[WORK INSTRUCTIONS]: Quote the whole listing word for word. Do not include the pictures.

--- START ---

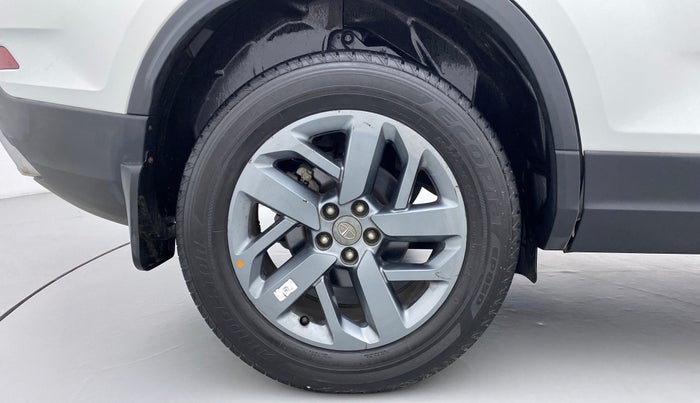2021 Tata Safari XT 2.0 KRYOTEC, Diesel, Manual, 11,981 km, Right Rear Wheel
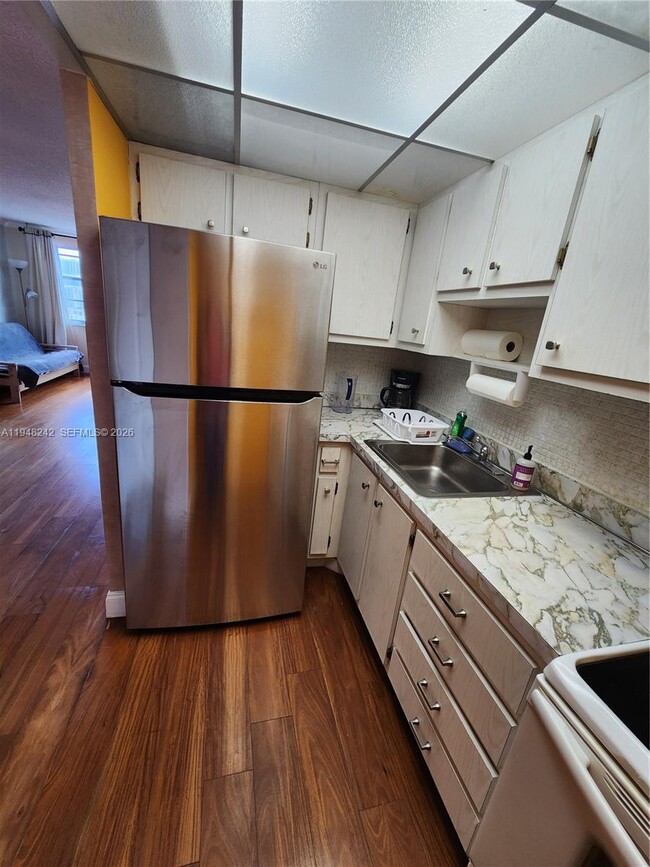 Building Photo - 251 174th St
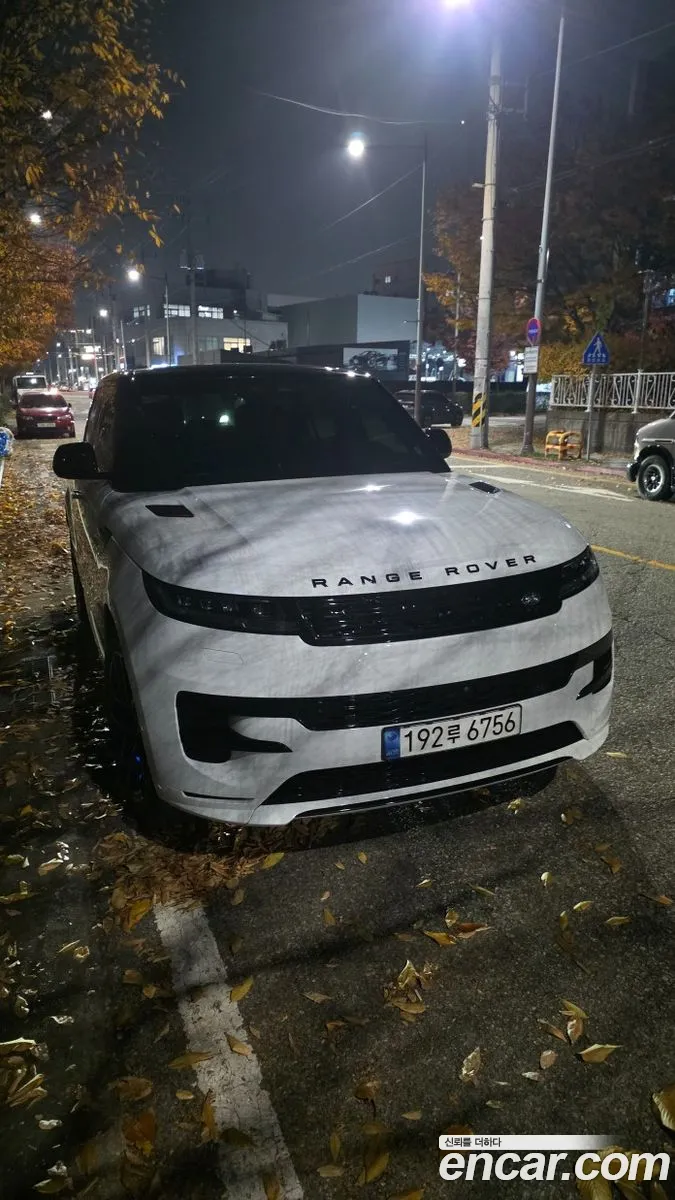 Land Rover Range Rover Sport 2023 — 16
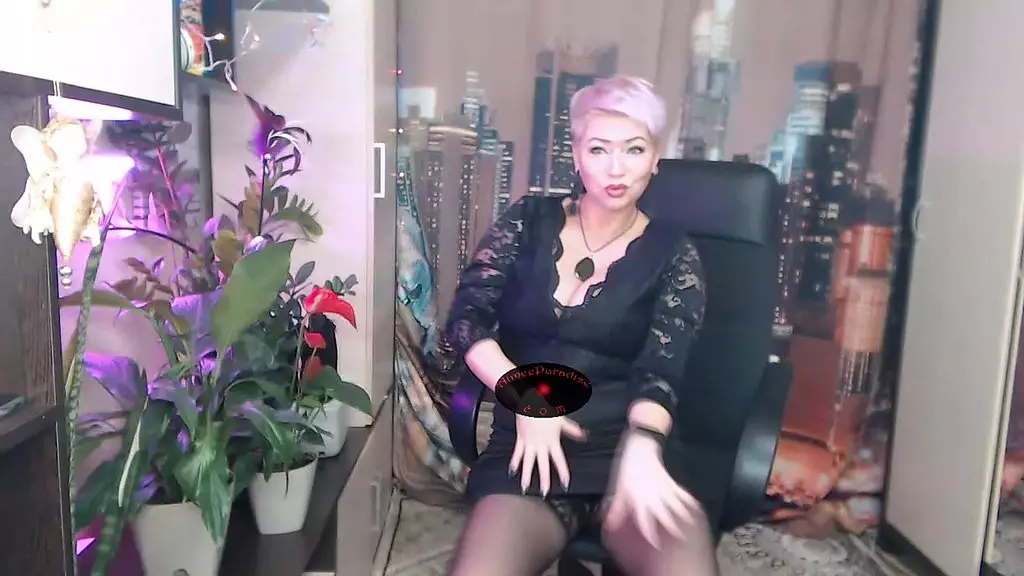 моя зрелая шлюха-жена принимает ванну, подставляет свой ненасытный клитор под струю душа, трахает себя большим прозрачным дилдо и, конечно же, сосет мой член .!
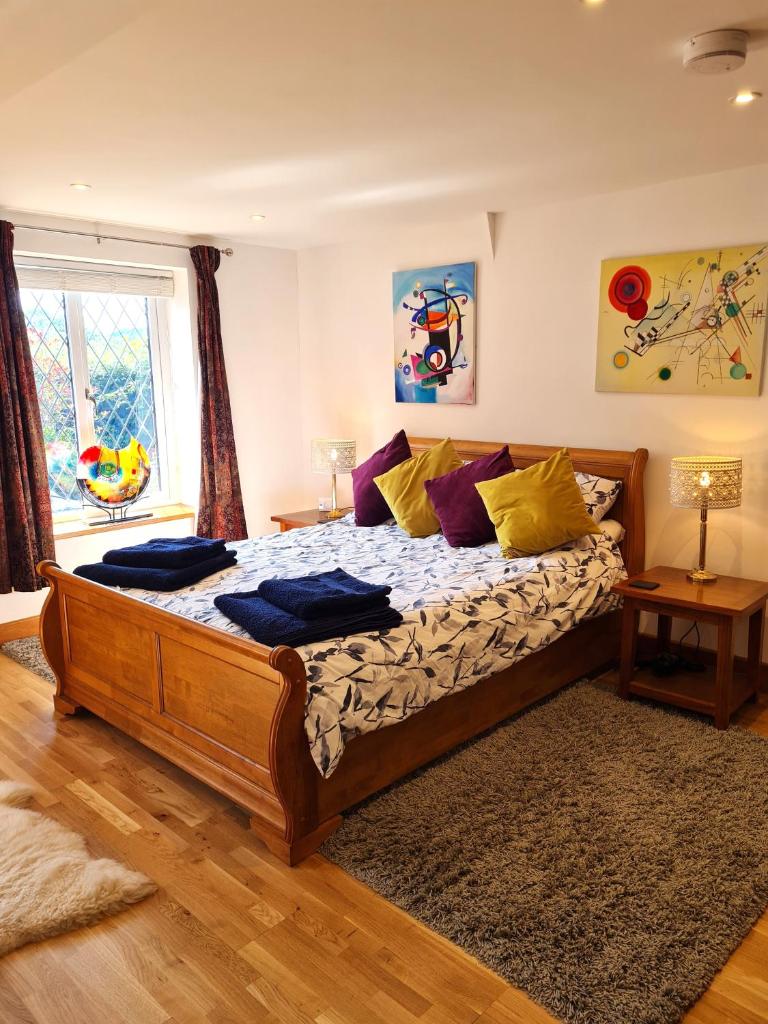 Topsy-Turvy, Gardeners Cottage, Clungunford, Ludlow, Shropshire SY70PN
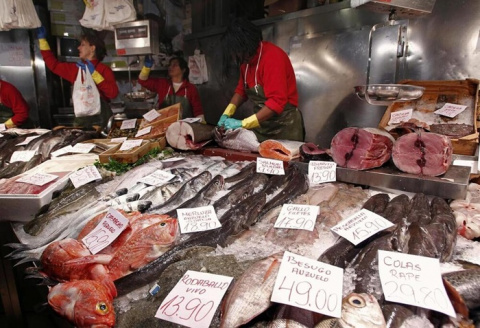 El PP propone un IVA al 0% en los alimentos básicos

--- END ---

[EXERCISE OUTPUT]:
2021 Tata Safari XT 2.0 KRYOTEC, Diesel, Manual, 11,981 km, Right Rear Wheel
 Building Photo - 251 174th St
 Land Rover Range Rover Sport 2023 — 16
 моя зрелая шлюха-жена принимает ванну, подставляет свой ненасытный клитор под струю душа, трахает себя большим прозрачным дилдо и, конечно же, сосет мой член .!
 Topsy-Turvy, Gardeners Cottage, Clungunford, Ludlow, Shropshire SY70PN
 El PP propone un IVA al 0% en los alimentos básicos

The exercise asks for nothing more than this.